Gün içerisinde ne kadar çok duyguyu bir arada yaşıyoruz. Birbirinden farklı duygu ve düşünceleri bir şekilde ruhumuzun ve aklımızın süzgecinden geçiriyoruz. Çok fazla şeye maruz kalıyor çok fazla konuyla ilgileniyoruz. Maruz kaldığımız tüm değişkenlere rağmen dimdik ayakta durmamızı sağlayan tek şey ise önümüze koyduğumuz hedefimiz ve iflah olmayan umutlarımız. İyi ki varlar.

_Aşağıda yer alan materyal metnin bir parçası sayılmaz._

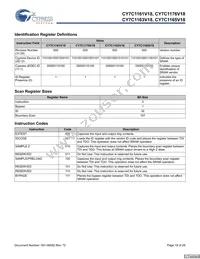 CY7C1165V18-400BZXC Datasheet Page 18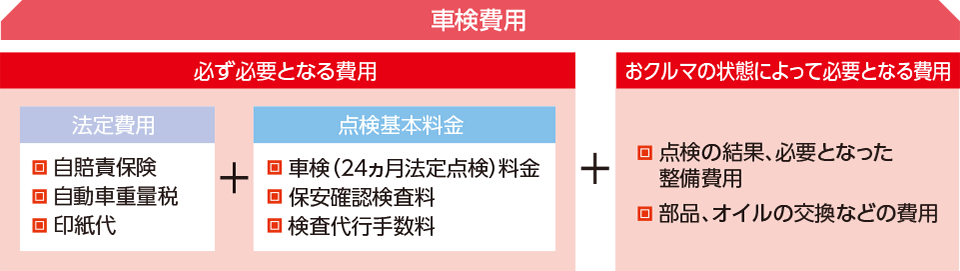 車検に必要な費用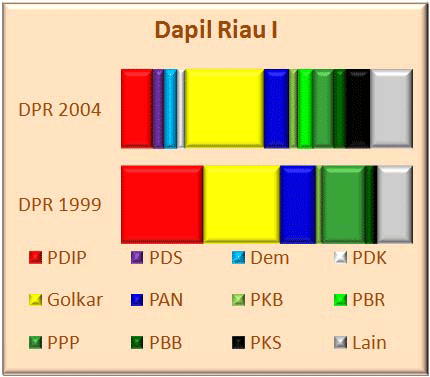 Riau I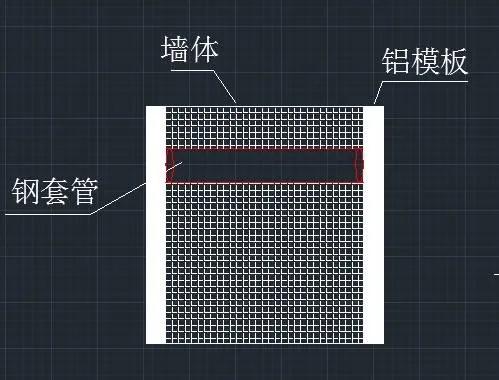 土建采用铝模板,水电专业应该如何预埋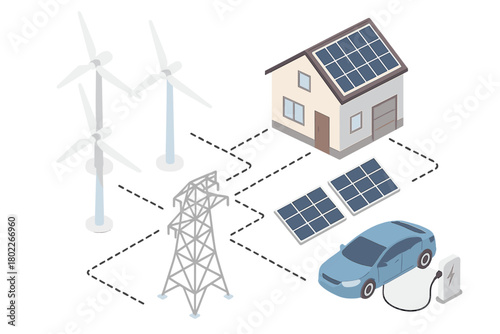 Isometric flow diagram of renewable energy system with wind turbines solar panels and electric car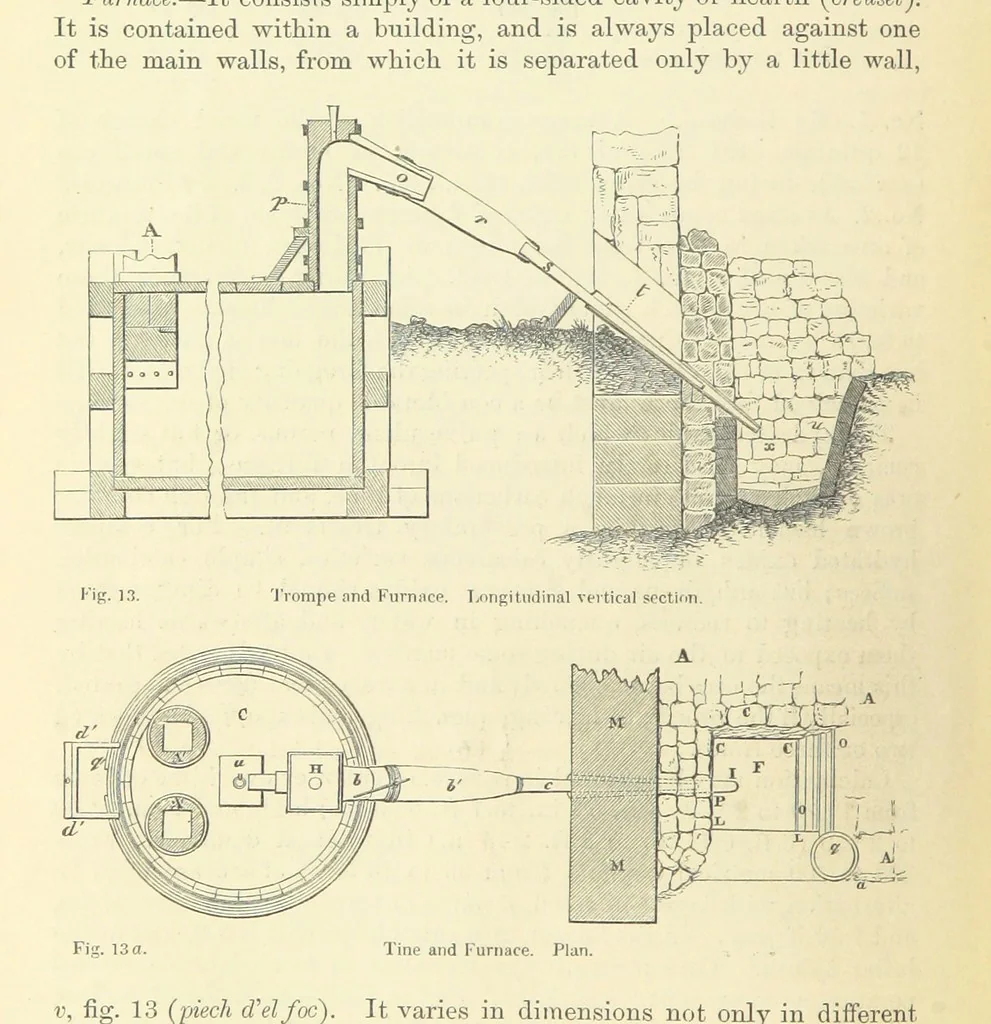 An illustration from Metallurgy. The art of extracting metals from their ores, and adapting them to various purposes of manufacture, etc, 1861, leaf 306
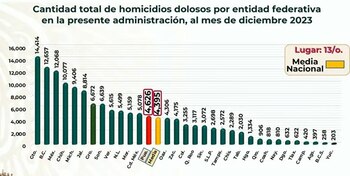 AMLO presentó cifras de homicidios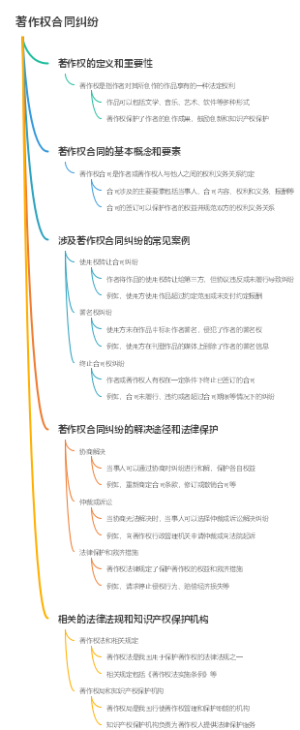 著作权合同纠纷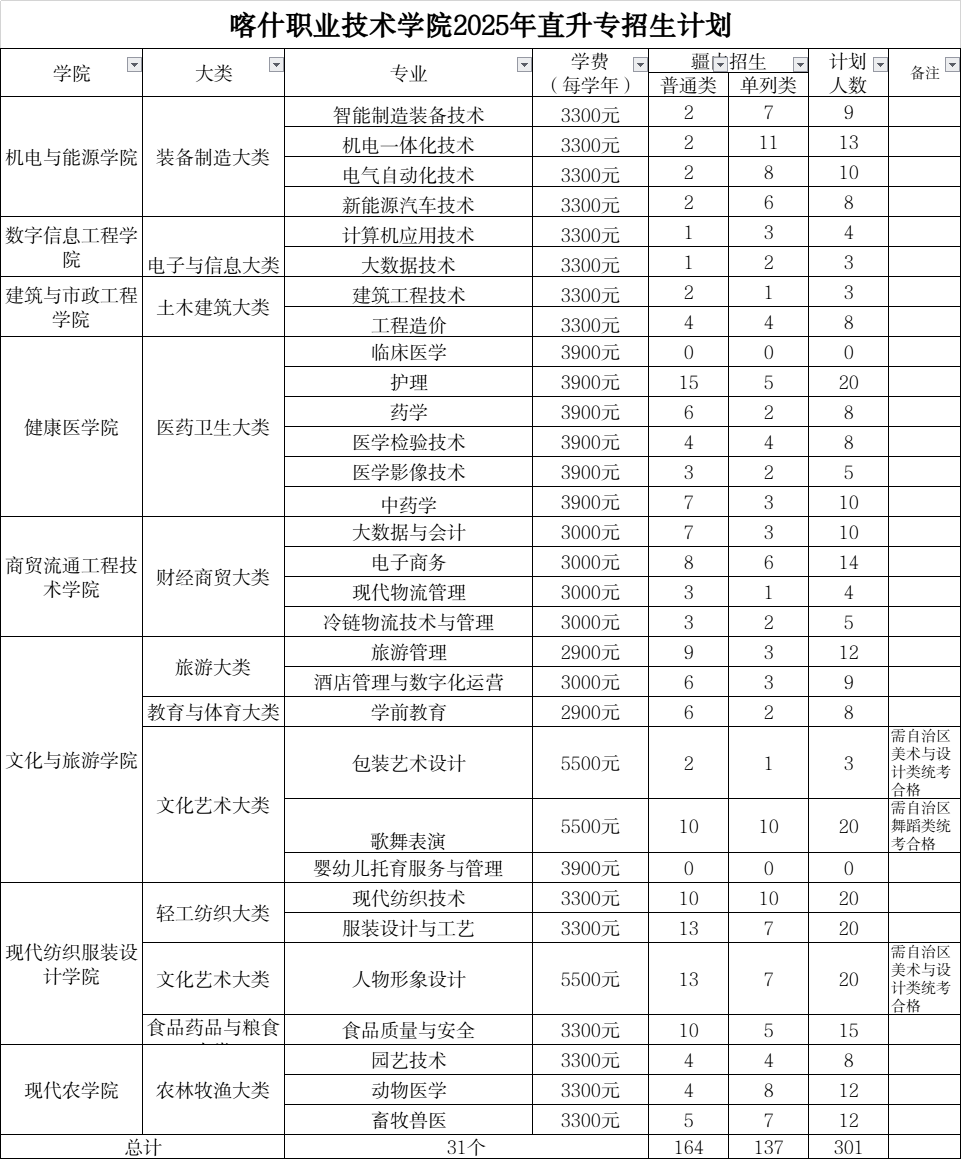 直升专招生计划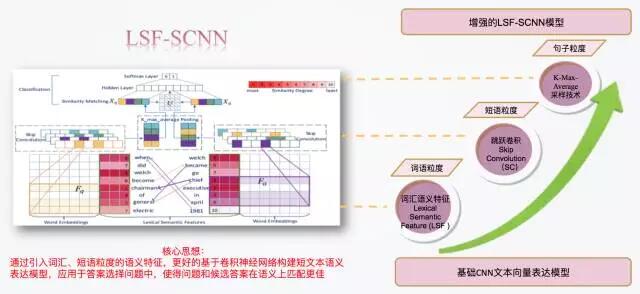 LSF-SCNN：一种基于 CNN 的短文本表达模型及相似度计算的全新优化模型 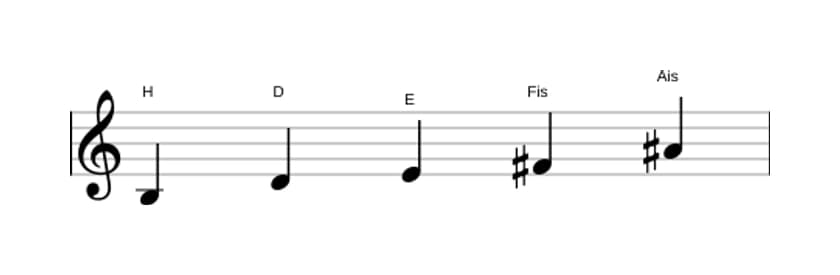 Noten der Tonleiter H Moll Dur 7 Pentatonik in drei Oktaven (3)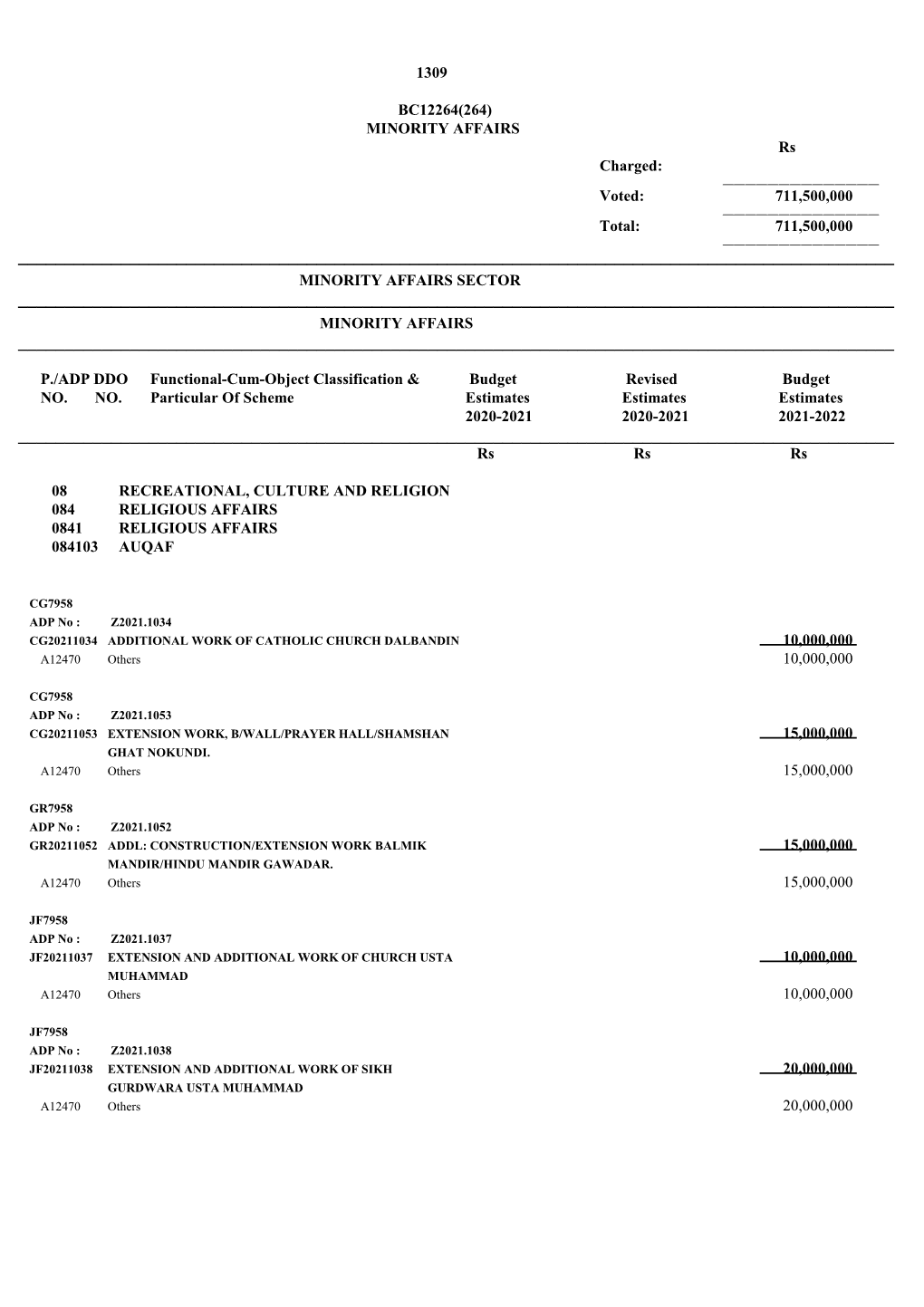 1309 BC12264(264) MINORITY AFFAIRS Rs Charged: Voted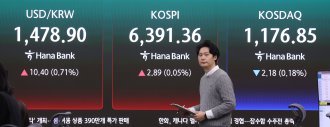 코스피, 장중 6400 돌파…사상 최고치 경신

Gün içinde çektiğimiz trafiği gerçek manada çekilebilir kılan şey, sonunda varmak istediğimiz yoldur. Trafik esnasında yaşadığımız sinir harbine seve seve katlanmak zorunda olduğumuz haklı nedenlerimiz vardır. Çünkü onlar hedeflerimize dair attığımız her adımın bir parçasıdır. Hedefe giden yolda ödediğimiz sadece küçük bir bedel onlar. Yeter ki biz varmak istediğimiz yola gerçekten varmak istiyor muyuz ondan emin olalım. Yoksa ne o trafik çekilir, ne o maruz kaldığımız stres hazmedilir ne de ruhumuz ve aklımız buna dayanabilir. O yüzden hedefinizi sevin. Çünkü gerçek mutluluğu, seveceğiniz hedefe gittiğiniz yolda bulursunuz. Diğeri ise kasvettir, iç daraltısıdır, ayakların geri geriye gidişidir. Maalesef o kadar çok insan var ki ne işini severek yapıyor ne de koyduğu hedefin heyecanını taşıyor. O insanların umudu yok. Yapmayın bunu kendinize. Hedefinizi severseniz seve seve bedel ödersiniz. Seve seve çalışırsınız. Hatta çalışmak terimi sizin için eğlenmek gibi gelir. Ama sevmezseniz, yukarıda yazdığım senaryoları günde beş kez yaşarsınız. Kendinize bunu yapmayın. Sahip olduklarınızı istek süzgecinden geçirin. Gerçekten onları istiyor musunuz? Çünkü bu hayat yanlış karar verilecek kadar ve o yanlış kararın ardından gidip harcanacak kadar uzun değil. Yanlış olduğunu, size zevk vermediğini, motive etmediğini anladığınız an sorgulamaya başlayın. Başka yönlere bakın. Özendiğiniz şeyler ne, inceleyin. Bakın onlara ve neden onlara uzaktan baktığınızı düşünün. Geç olmadığını görün. Bu hayat aynı hatayı yapmak için kısa ama farklı olanı denemek için uzundur. Farklı adım atmaktan pişman olmayın. Denemedim olmadı demekten kaçınmayın. Unutmayın, bu hayat sizin ve attığınız her adımdan siz sorumlusunuz. O yüzden sevdiğiniz, seveceğiniz adımları atın. İşte başarı, mutluluk ve huzur böyle geliyor.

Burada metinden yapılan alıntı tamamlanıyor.